By about 100 million years ago, the subducting oceanic plate had broken away from the western arc and magmatism in this zone had all but ceased. The western “faucet” had been turned off and a new magmatic “tap” was about to be turned on. An increase in the spreading rate back in the central Pacific basin began to push the oceanic plate under the newly accreted western batholith but now at a much shallower angle. This change shifted magmatism eastward towards the boundary between the continent and the Jurassic arc. For reasons not fully understood, the melting rate of the rapidly subducting plate increased dramatically. Unlike the western zone with its diversity of rock types and the several tens of millions of years for its creation, large bodies of homogeneous melt ballooned into existence within a few million years. These new dynamic conditions resulted in the rapid rise of enormous bodies of melt at the approximate juncture between the newly accreted western zone and the then western edge of the North American continent.
The melts rose quickly, before much crystallization could occur, and came to rest at moderate depths in the crust. Here, they cooled in place to form a series of plutons with similar ages, compositions, and internal structures. Between about 97 and 93 million years, the bodies crystallized inward to form a string of concentrically zoned plutons that extend from Riverside County southward through Baja California. The largest of these, the La Posta pluton, occupies much of eastern San Diego County and covers an estimated 1700 kms2. Its counterparts, to the north in Riverside County and to the south in Baja California, range up to 1200 km2 in exposed area.

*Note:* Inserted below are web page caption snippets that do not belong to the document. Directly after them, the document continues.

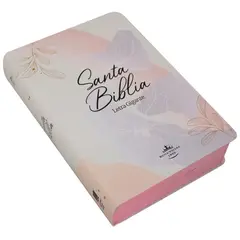 SOCIEDADES BIBLICAS UNIDAS - Biblia RVR1960 Letra Gigante Concordancia Semiflex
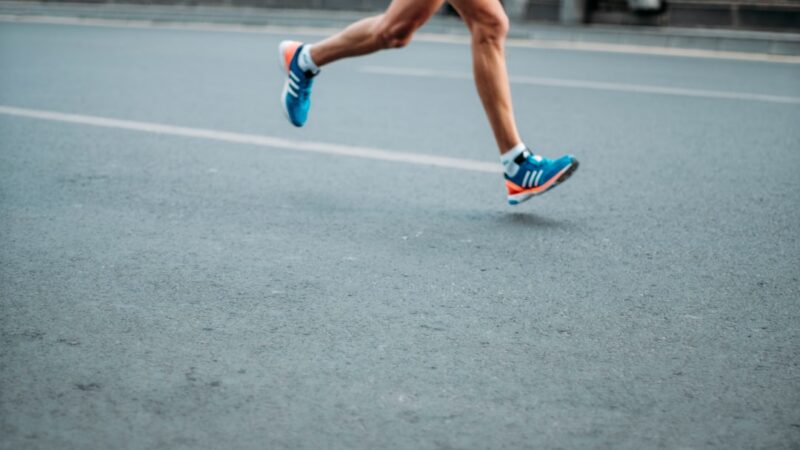 Beste Hardloopschoenen van 2026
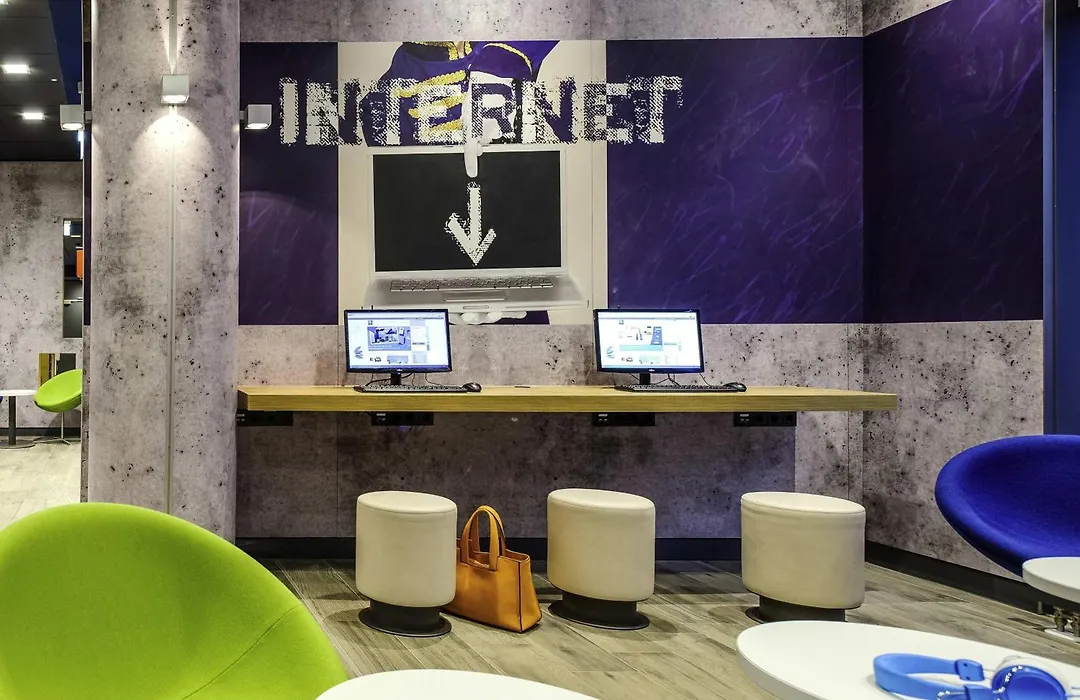 Ibis Budget Parauapebas-1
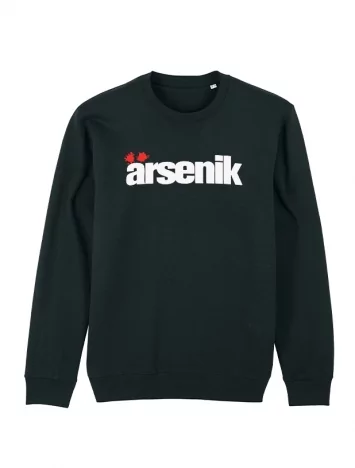 Sweat Arsenik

The rise of these melts into crustal rocks that were already warmed to some extent by the magmatism associated with the western zone of the batholith caused great changes. As the melts rose, the crustal rocks above them were quickly forced upwards into young mountain ranges that may have rivaled the Sierra Nevada of today. The static magma chambers cooled slowly and crystallized inward to create the internal zoning observed in these plutons. In doing so, they released their latent heat of crystallization to the older overlying metasedimentary assemblage. These ancient sediments, now micaceous schists, marbles, and quartzites, were uplifted, faulted, and heated to extreme temperatures. Experimental studies indicate that initial magmatic temperatures may have been close to 1000° C (1830° F), sufficient indeed to begin melting in mica-laden schists. Muscovite, quartz, and feldspar fused together to form water-rich granite magmas which were less dense than the surrounding schists. Trace elements such as beryllium, boron, lithium, and phosphorus were selectively concentrated into the newly formed melts. They rose buoyantly and worked their way upwards to crystallize into the myriad of pegmatite dikes whose gem minerals have made southern California world famous. Pink and green tourmaline, aquamarine, golden topaz, and blood-red almandine garnet are but a few of the gems found in these earliest igneous rocks of the eastern zone. The pegmatites occur as somewhat irregular, light-colored bands or dikes cutting through the darker colored metasedimentary rocks from Jacumba northward to Riverside. Even today, small mines near Mesa Grande, Pala, and Warner Springs produce museum quality specimens.
But gems were not the only consequence of the rise of the La Posta-type magmas into the overlying metasedimentary rocks. Hot, water-based fluids derived from the metamorphic breakdown of the micaceous minerals in the schists diffused their way into the sandstones, now quartzites, interbedded with the mica schists. These fluids selectively dissolved bits of placer gold between the quartz grains and carried the precious metal upwards to cooler environments where the fluids would crystallize into the gold-bearing quartz dikes for which Julian became so famous.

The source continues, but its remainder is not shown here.